Democracy and the free market tell us that we should not be forced to pay the costs of private corporations. Fairness dictates that those who profit pay the costs. Those costs should be included in it the price of the product.

In the technical hearings under questioning by the Province of BC, Enbridgestated that it would not consider a commitment to guarantee 100% of cost of an oil spill clean up. It will insure $280 million for a 20,000 barrel spill. That’s the size of the spill in Kalamazoo which has already cost close to three times that amount.

Enbridge refuses to assume its own costs because they are so enormous. It wants to impose them on us.

That isn’t democratic and it isn’t fair.

Not all costs of an oil spill that can be monetized. For example, after the Exxon Valdez spill, Alaskan Native communities were severely disrupted and many experienced high levels of depression from the trauma of seeing so many animals die, the stress of loss of subsistence livelihood from the sea, and the influx of clean-up money. No one knows how many animals died outright from the Exxon Valdez oil spill. The carcasses of more than 35,000 birds and 1,000 sea otters were found after the spill, but since most carcasses sink, this is considered to be a small fraction of the actual death toll. The best estimates are: 250,000 seabirds, 2,800 sea otters, 300 harbor seals, 250 bald eagles, up to 22 killer whales, and billions of salmon and herring eggs.

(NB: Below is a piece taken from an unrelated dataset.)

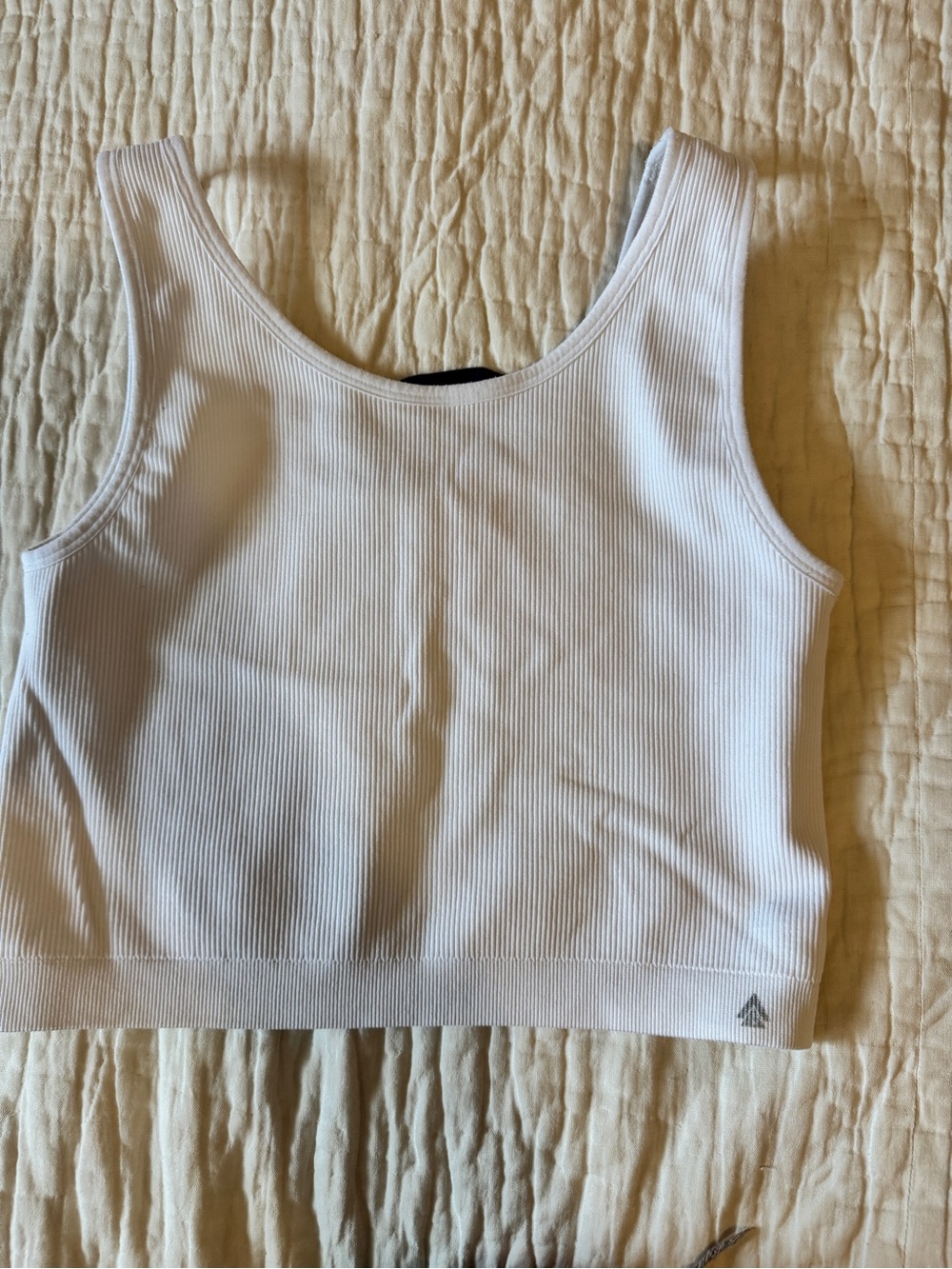 Source Unknown White Ribbed Crop Tank - Picture 3 of 7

Twenty three years after the Exxon Valdez oil spill, nine species are not fully recovered and some species such as herring and pigeon guillemots may never recover. One of the two orca pods in the area is slowly dying out. An estimated 21,000 gallons of oil remain and oil has been found in the coastal substrate up to 450 miles away.

An even bigger cost that Enbridge would externalize is the cost of climate change.

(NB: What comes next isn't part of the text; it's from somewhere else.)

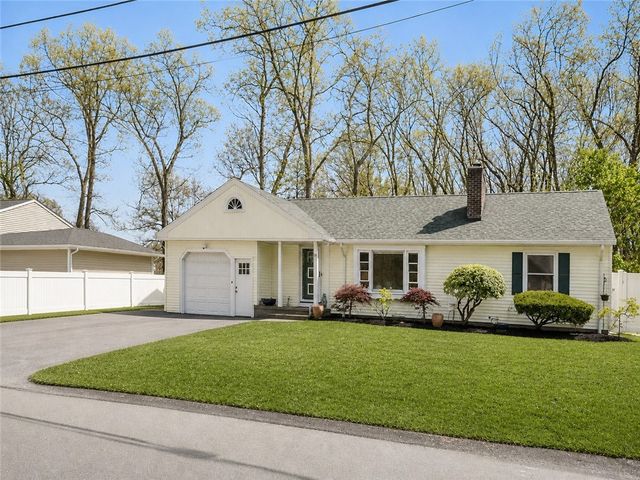 101 Shirley Drive, Cumberland, RI 02864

At the Smithers JRP intervenor hearing, I had the opportunity to ask Paul Stanway what he thought of the International Energy Agency’s 2011 report that states with new infrastructure we will lose forever the chance to prevent the two degree increase in temperature that means catastrophic costs for us all.

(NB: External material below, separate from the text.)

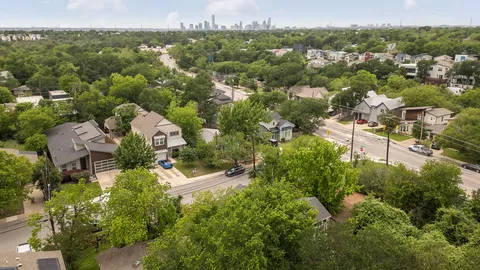 $600,000 | 5204 Samuel Huston Avenue, Unit A, Austin, TX 78721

I taped Stanway’s response: “I’m not familiar with that report” he said.

Upton Sinclair noted that it is difficult to get a man to understand something when his salary depends on his not understanding it.

But when that something includes include making the planet uninhabitable for humans and other species, not understanding it is unconscionable. Enbridge has put itself in a very questionable position.

“Making the planet uninhabitable for humans” – That strong statement might seem overblown. Enbridge might call it a myth stridently stated by an environmental activist. Minister Oliver might call it the statement of someone who wants to block Canada’s opportunity to diversify trade.

But I want Canada to diversify trade. I want it to be a world leader in renewable energy technology. It’s in a perfect position to do so, with good education, plenty of resources and a history of helping when the world needs help, which it certainly does now. Enbridge has a wind power portfolio. I could support the expansion of that. If this debate is really about jobs, renewable energy creates 3 to 34 times the number of jobs for investment than oil infrastructure.

Back to keeping the planet habitable, Enbridge doesn’t seem to know about the immense body of research on the consequences of new fossil fuel infrastructure. That research states that warming of 6 degrees means mass extinction, which may include humanity. We will come close to six degrees by 2100 if we follow our current trajectory of rapidly expanding our fossil fuel infrastructure without any regard to climate pollution.

Enbridge may be money blind enough to bet against the world saving itself, but the government of Canada, must not make this bet.

Here’s a sampling of what the world’s most knowledgeable scientists and leading institutions are saying:

MIT, the Massachusetts Institute of Technology, calculates that current emissions will push us toward 5.5 C by 2100. It called for “rapid and massive” action to avoid this and warned that “there’s no way the world can or should take these risks.” It also produced research showing that the expansion of the oil sands is not economically viable under any scenario in which the world takes effective action against climate change.